# Fat Cats Lake



## osu4life (Aug 8, 2006)

Has anyone been to Fat Cats Lake? It's in south franklin county at the SR 62 exit off 71. I drive by there alot and the pond is jamming with people. I guess it's a pay lake. 

Thanks for info,
Steve


----------



## Robocat (Feb 28, 2005)

I've seen it too from I-71 and everytime I've driven by (mostly on weekends) that place it's absolutely packed with vehicles. I don't know anything about the place but I'll bet you're right that it's a paylake.


----------



## BassBlaster (Jun 8, 2006)

I heard about that opening up. It is a paylake. I hear there catching some nice fish there.

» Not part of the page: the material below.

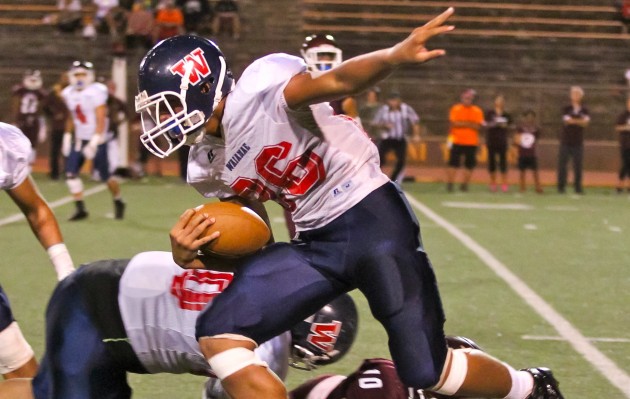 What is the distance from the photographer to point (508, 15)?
69.9 feet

I don't fish paylakes so I havn't tried her out.


----------



## dakotaman (Oct 19, 2005)

Paylake for sure and always packed!! Never fished it just drive by all the time.


----------



## jdog (Jul 23, 2007)

Yes it's a pay lake and it's only packed mon-sat sunday nights and monday mornings are the best time to fish there.


----------



## acklac7 (May 31, 2004)

Check in with Flathunter or H20_Mellon...I hear they fish it every Fri/Sat/Sun religously...


----------



## jdog (Jul 23, 2007)

ok i'll do that


----------



## 01mercLS (Oct 28, 2006)

Yep sure is a paylake. I've been fishing it every weds now. It's a nice lake people have been catching a lot of fish. Last time I went I caught a 15 pound flathead. If you get a chance check it out, lol and becareful pulling into the entrace, and have fun driving though the field lol it's fun.


----------



## acklac7 (May 31, 2004)

jdog said:


> ok i'll do that


Sorry jdog, it was an inside joke, im afriad they won't be able to help you out much..lol


----------



## jdog (Jul 23, 2007)

it use to be a good lake but now it sucks.


----------



## Smallmouth Crazy (Apr 4, 2006)

Im trying to picture where this place would be??? its at the Rt.62 exit from 71???


----------



## ajangsta04 (Aug 7, 2007)

anyone know the exact location?

im not a big fan of pay lakes either....im just curious on where it would be.


----------



## dakotaman (Oct 19, 2005)

i drive by it every day. Rte 62 & 3 exit, head east. About 100 yds on north side of road before intersection at stahl rd is a dirt road through a hay field after a white farm house. Take it I guess and it takes you there. that's where vehicles are always coming and going. I know no other details about it.


----------



## jdog (Jul 23, 2007)

Dans does suck now


----------



## Big Joshy (Apr 26, 2004)

I think I heard about this place. Sounds to me like a farmer who decided to make a little money while lettin his pond get raped.


----------



## gone2fish (Mar 10, 2005)

I have seen that same lake while on my way to Deer Creek. Fishing at a pay lake is not my cup of tea. I throughly enjoy the "mystery" of fishing. I do like to fish spillways which some anglers might not consider sporting. To each his own. If that pay lake had some big saugeye in it, just maybe I would break down and pay. Maybe.


----------